Le Rouge et le noir, Mémoires d'Hadrien et La Princesse de Clèves. Trois chefs-d'œuvre de la littérature française, au programme du bac de français, pour le chapitre consacré au roman. La promotion de la lecture fait partie des piliers des cours de français au collège et au lycée, mais « quand j'ai découvert les titres, j'ai fait le deuil de la lecture de mes élèves », déplore Élodie Pinel, professeure de lettres dans un lycée de Saint-Germain-en-Laye.
Le défi est posé chaque année aux enseignants de français : il leur faut donner le goût des livres aux adolescents, alors qu'ils doivent leur faire découvrir et analyser un patrimoine littéraire parfois difficile d'accès. Autre gageure : s'adapter aux directives ministérielles, bien changeantes en la matière. « Dans les années 1960, de virulentes critiques s'adressent à l'apprentissage de la "littérature en miettes" », rappelle Anne-Marie Chartier, maîtresse de conférences en histoire de l'éducation à l'ENS de Lyon. Loin des habitudes installées par Lagarde et Michard, s'impose alors l'étude des œuvres complètes. D'autant qu'est apparu le livre de poche, démocratisant l'achat des classiques.

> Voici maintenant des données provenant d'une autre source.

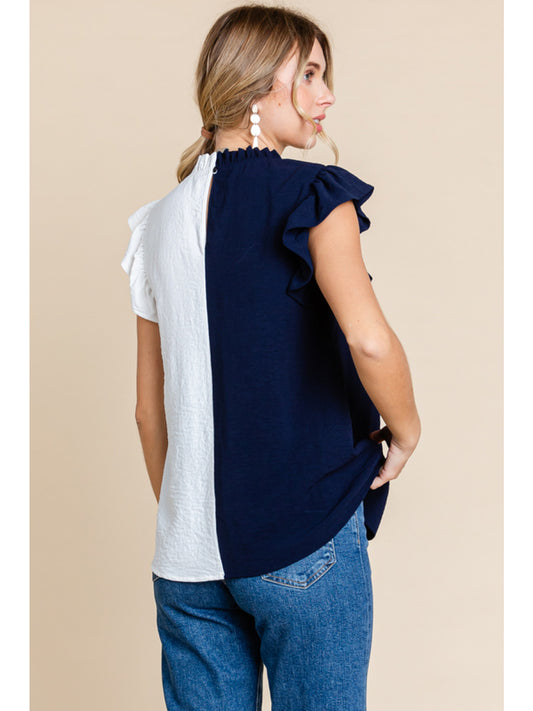 Navy & White Ruffle Color Block Top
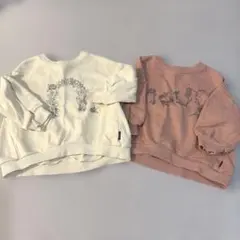 美品　花柄プリント トレーナー 2枚セット　キムラタン
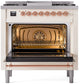 ILVE Nostalgie II 36" Dual Fuel Natural Gas Range in Antique White with Copper Trim, UP36FNMPAWP
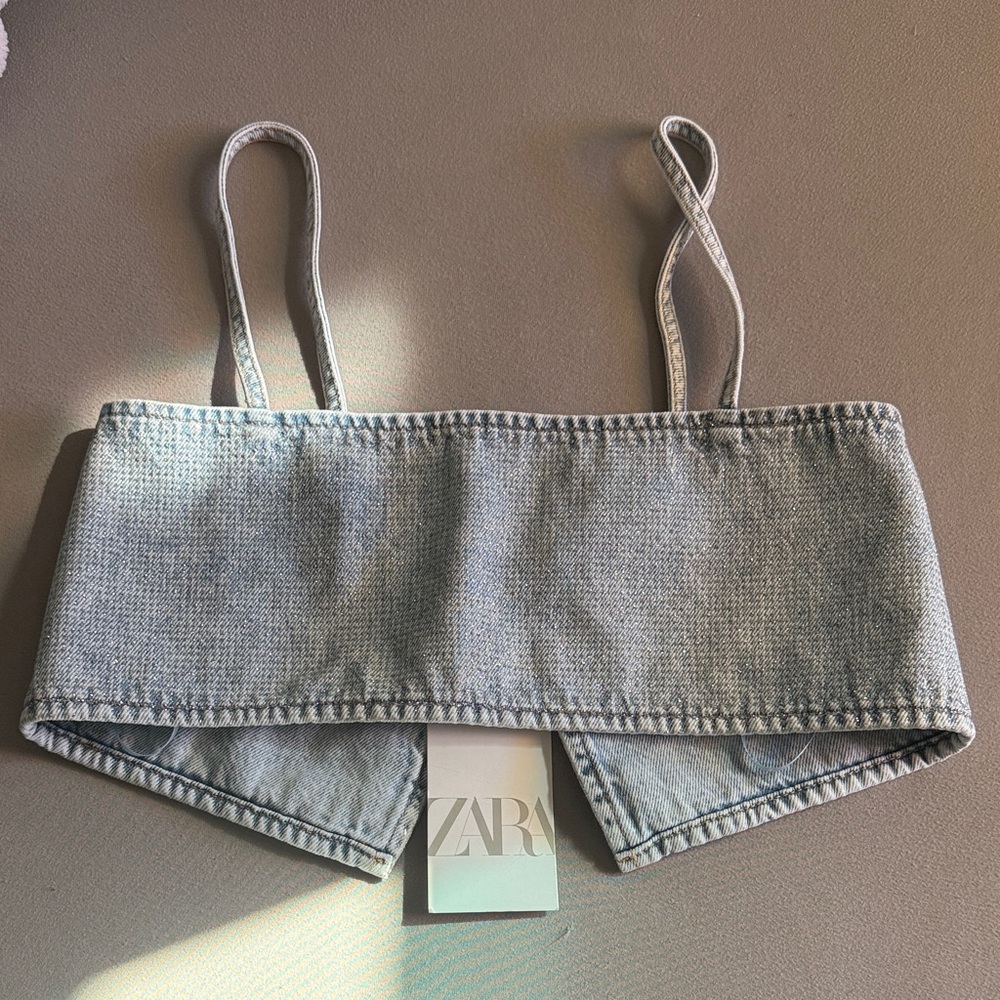 Zara Sky Blue Denim Sparkles CropTop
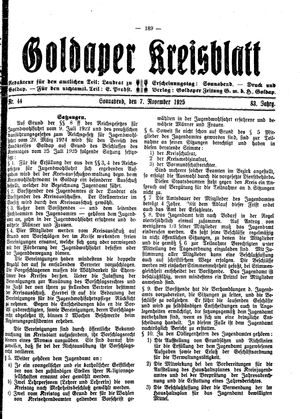 Goldaper Kreisblatt vom 07.11.1925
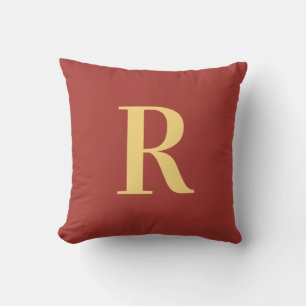 Monogram Modern Brown Gold Throw Pillow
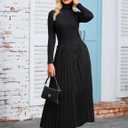 MAKABO Women's Maxi Pleated Skirt with Pockets, High Waisted A Line Long Skirts Button Down Business Casual Outfits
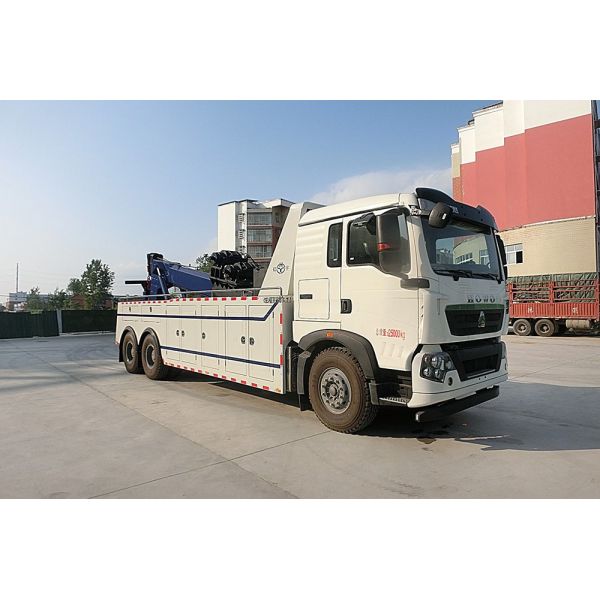 Howo Double Rear Axle and Eight Wheels,2 Sections Lazy Arms, 3 Section Bracket Arms Wrecker Truck for Pulling and Dragging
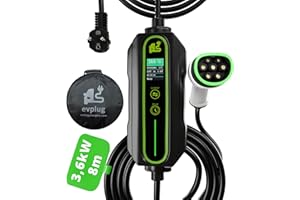 evplug/Chargeur EV Portable Voiture Electrique (Type 2 | 8m | + Minut., 3,6kW | 16A)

L'école post-68, qui voit aussi entrer dans les classes des écrits contemporains et des titres de littérature jeunesse, oscille depuis entre l'accent mis sur la lecture, par des livres plus proches des élèves, et l'importance accordée aux œuvres patrimoniales.
Carnets de lecture
« La fin des années 2000 a signé le retour des classiques au programme du collège. Une réforme à laquelle nous avons contribué, car la découverte du patrimoine nous semble relever du rôle de l'école », indique Romain Vignest, enseignant le français dans un collège parisien et président de l'association des professeurs de lettres.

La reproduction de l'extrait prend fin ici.